Recupero crediti, come faccio a sapere se il mio debito è stato ceduto?

Una mini guida sul pignoramento e sul ruolo e potere che hanno gli istituti di recupero crediti, tra call center, ingiunzioni e notifiche.

Cosa possono e non possono fare gli istituti di recupero credito (CodiciAteco.it)

Quando si contrae un debito, tendenzialmente con un privato, non è raro ritrovarsi nella condizione di ricevere ingiunzioni, chiamate particolarmente insistenti da parte dei call center e così via. È il segno che il creditore verso cui siamo in debito ha ceduto ad un soggetto terzo il compito di recuperare la somma a debito. Si tratta del recupero crediti; sorge spontaneo chiedersi, a questo punto, quale sia il reale potere degli istituti di credito, quali sono i limiti entro cui possono muoversi.

Dato che è indispensabile per questi riuscire ad ottenere nel più breve tempo possibile la somma di denaro addebitata, gli istituti presenteranno ai debitori gli scenari più catastrofici; ecco la prima cosa da sapere è che non bisogna prendere per oro colato quello che dicono.
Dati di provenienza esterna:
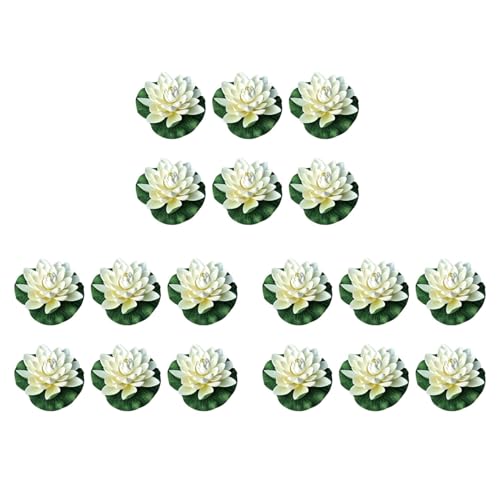 GIWFBQTR 18 Stücke KüNstliche Schwimm Schaum Lotus Blumen, mit Seerose Pad Ornamente, Elfenbein, Perfekt für Patio Teich Pool Aquarium Hausgarten Hochzeit Urlaub Dekoration von GIWFBQTR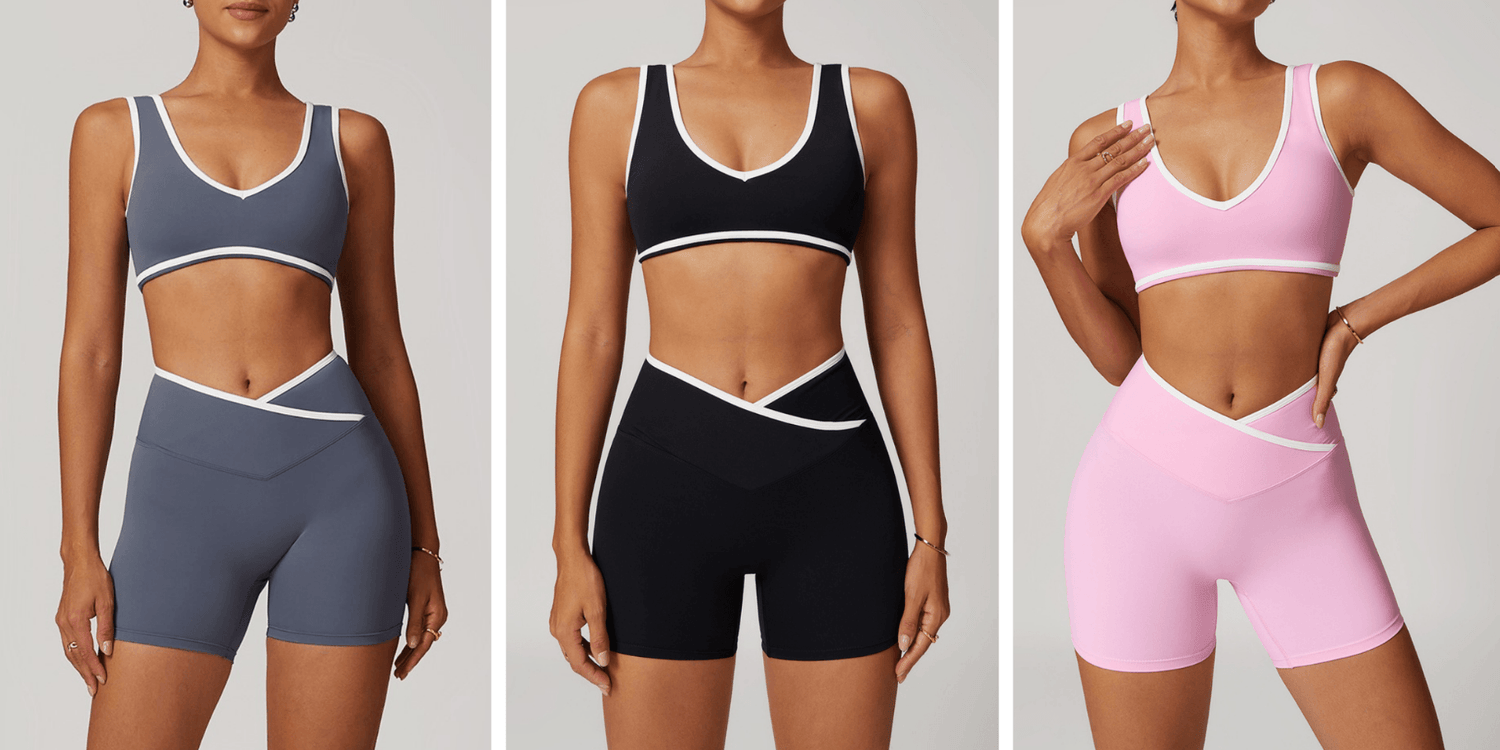 Women's premium matching activewear sets featuring sports bras and high-waisted shorts in slate blue, black and pink. Ideal for Pilates, yoga, gym and padel.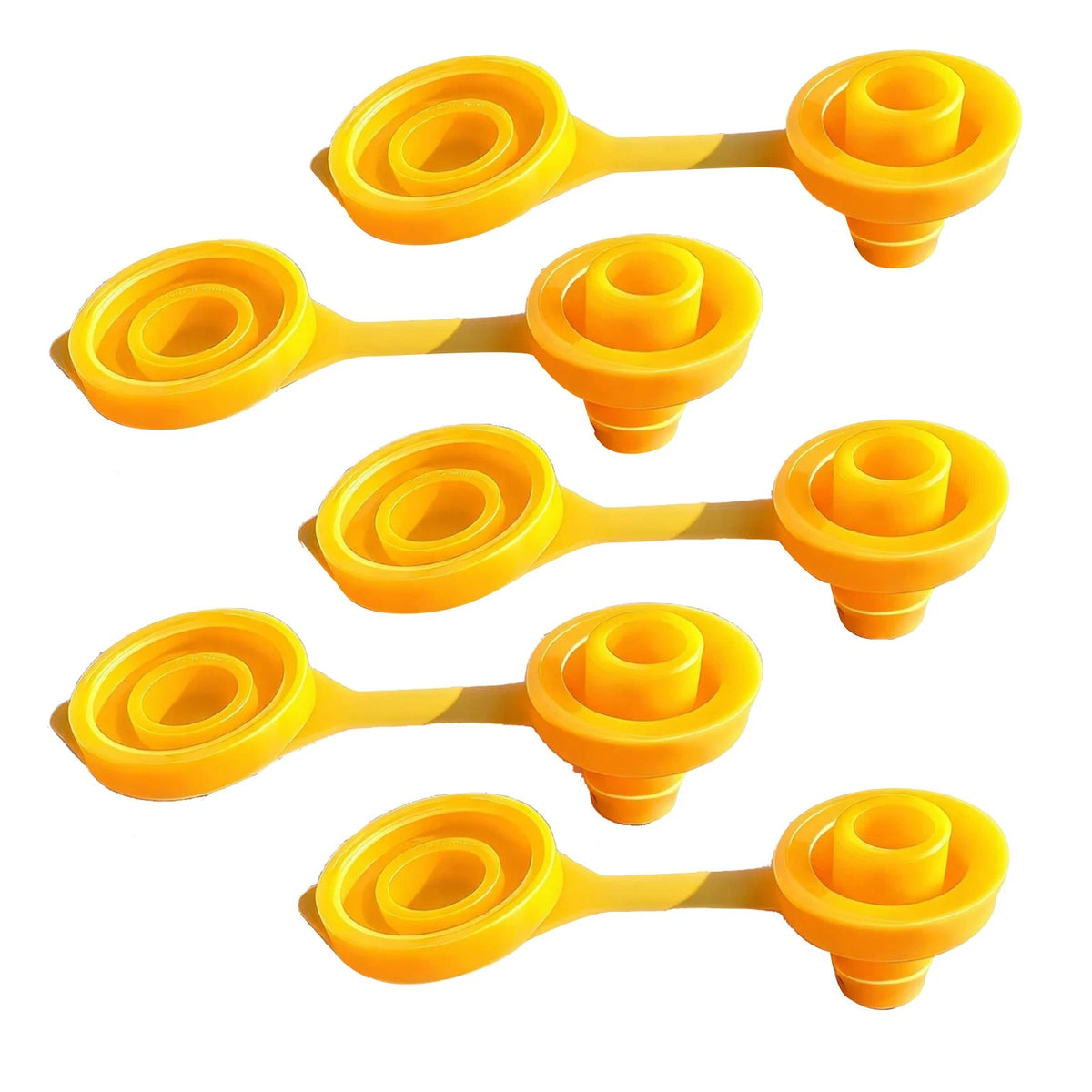5PCS Fuel Gas Can Vent Cap Set Yellow Plastic For Garage Workshop Canisters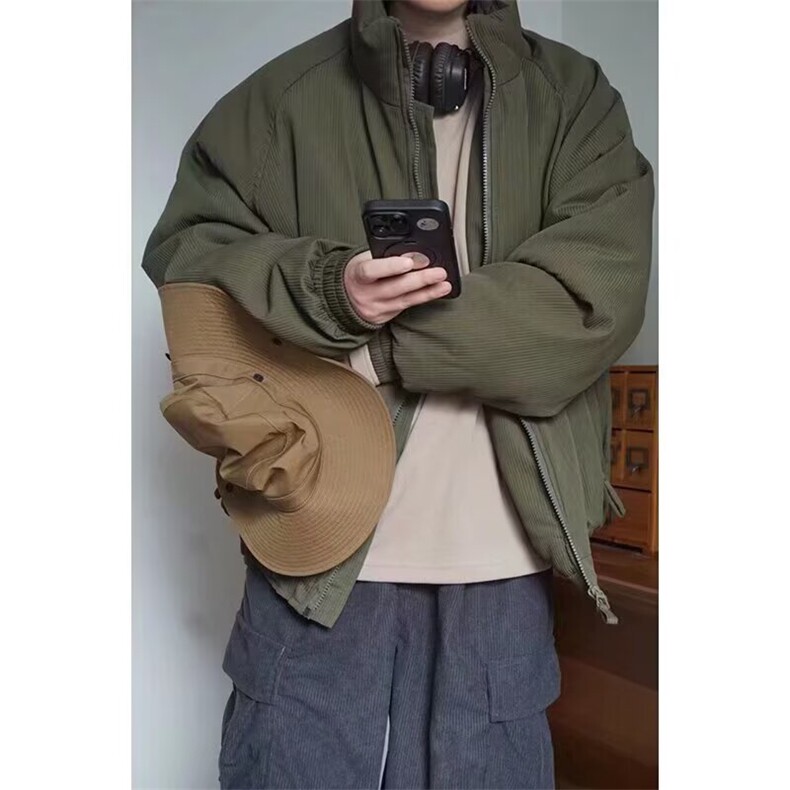 日系冬季美拉德立领宽松口袋面包服插肩袖保暖棉服外套，男装棉衣，四季星座505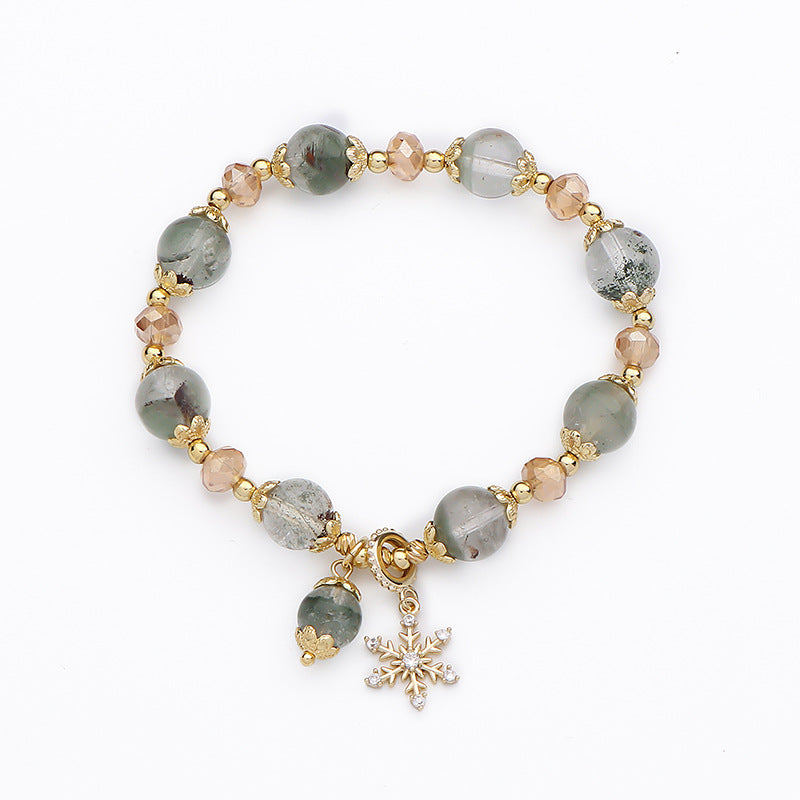 Pulsera de cristal natural de chorita para mujer con colgante de copo de nieve
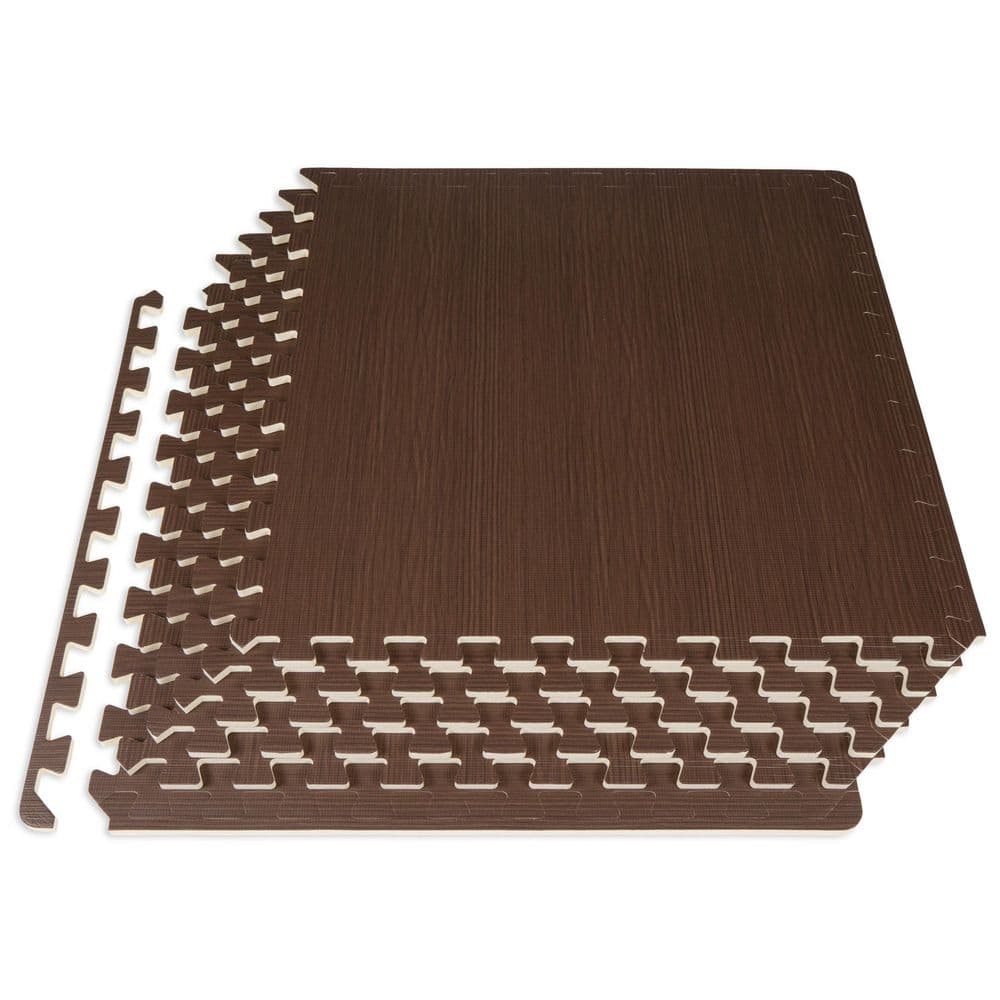 Wood Grain Puzzle Mat Dark Walnut 24 in. x 24 in. x 0.5 in. EVA Foam Interlocking Floor Tiles (24 sq. ft.) (6-Pack) - Hercitys
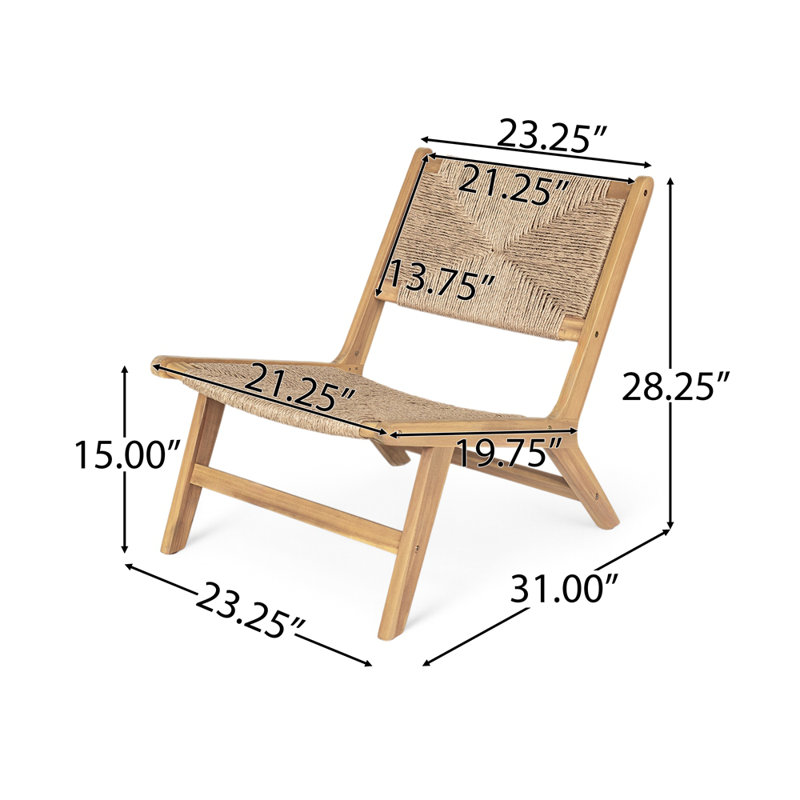 Chaise longue sans accoudoirs en bois d'acacia, Teck clair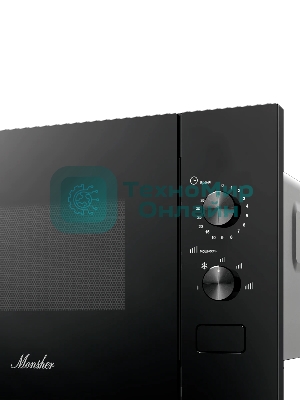 Встраиваемая микроволновая печь MONSHER MMH 1015 Noir, High-Tech, 15 л, мощность 600 Вт, 5 уровней мощности, размораживание, поворотное управление, черный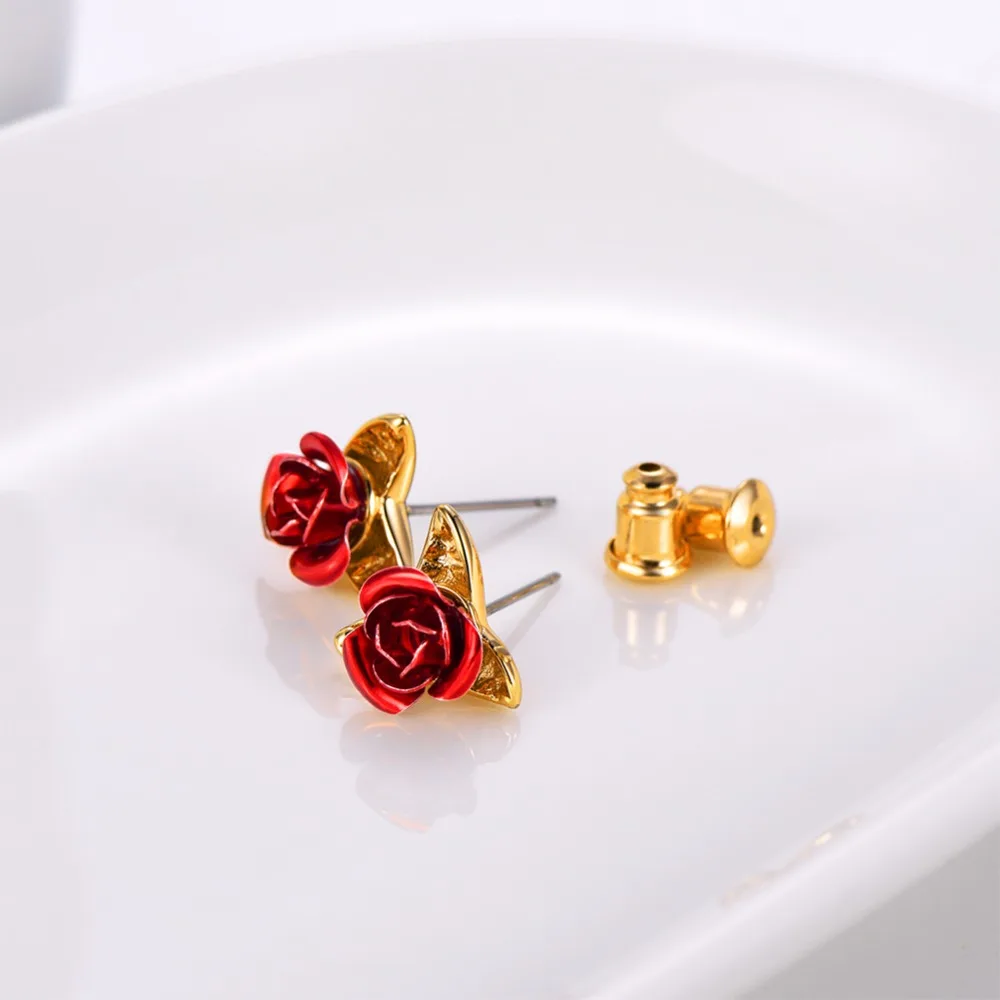 U7 Cute Red Rose Metal Flowers Stud Earring For Women Lady Romantic Gift Brincos Wedding Earrings Party Jewelry E1014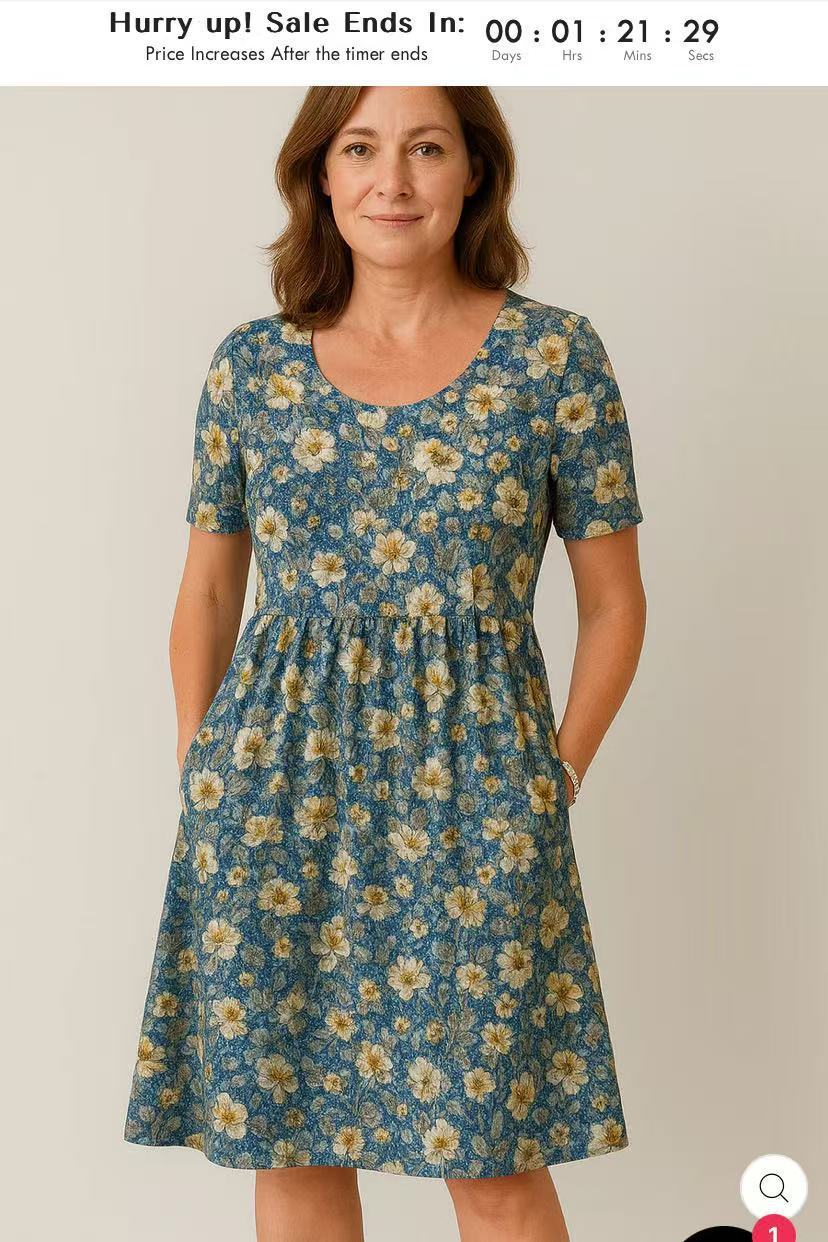 Casual T-Shirt Dress with Round Neck, Pockets, and Stitch Detailing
In altre parole, non sempre quello che viene riferito al debitore corrisponde poi alla realtà di quanto è effettivamente possibile fare per i creditori.

Nei prossimi paragrafi proveremo, allora, a capire qual è il vero raggio d’azione del recupero crediti e quali sono le vere pratiche attuabili.

Recupero crediti, che poteri hanno davvero e cosa non possono fare

Come possono muoversi i istituti di recupero crediti (CodiciAteco.it)

Non si può parlare dell’effettivo potere degli istituti di recupero credito se non si parte da una distinzione fondamentale ovvero quella del titolarità del credito stesso.

In altre parole, ci sono società delegate dal creditore a recuperare le somme; in questo caso si parla di recupero stragiudiziale delle somme a debito ovvero mezzi di sollecito differenti dalle azioni legali. Va da sé che si tratta di una libertà di movimento davvero molto ridotta. E ci sono poi società che acquistano i crediti e diventando nuovi creditori possono agire anche intraprendendo vie legali, in quanto titolari effettivi del credito.

Nella maggior parte dei casi, il recupero crediti rientra nella prima tipologia di società. Si tratta generalmente di società che operano tramite call center, i cui operatori ricevono il mandato per cercare il recupero bonario del debito entro un certo termine. Alla scadenza del contratto di cessione, il credito viene rimesso nelle mani del creditore originario che a quel punto deve decidere se e come continuare, eventualmente affidandosi alle vie legali.

Quando parliamo di un recupero crediti che rientra in questa tipologia, è bene sapere che le società non possono:

  • richiedere decreti ingiuntivi;
  • avviare azioni legali;
  • intraprendere pignoramenti di altri beni posseduti dal debitore.

Quindi se si riceve una raccomandata o una telefonata da un call center, il debitore deve sapere che questa non potrà agire contro di lui.

Debito venduto, cambiano le carte in tavola

Diverso il discorso se il debito è venduto ad una società di recupero crediti; questa in quanto nuova titolare del credito può intraprendere anche azioni legali o richiedere un pignoramento.

Ma come fa un soggetto a sapere se il proprio debito è stato venduto? Ebbene, la cessione del debito deve sempre essere comunicata al soggetto debitore attraverso raccomandata. Per cui se non si riceve nessuna informativa a riguardo è bene pensare che il recupero del credito sia stato affidato ad una società con limitati margini di azione.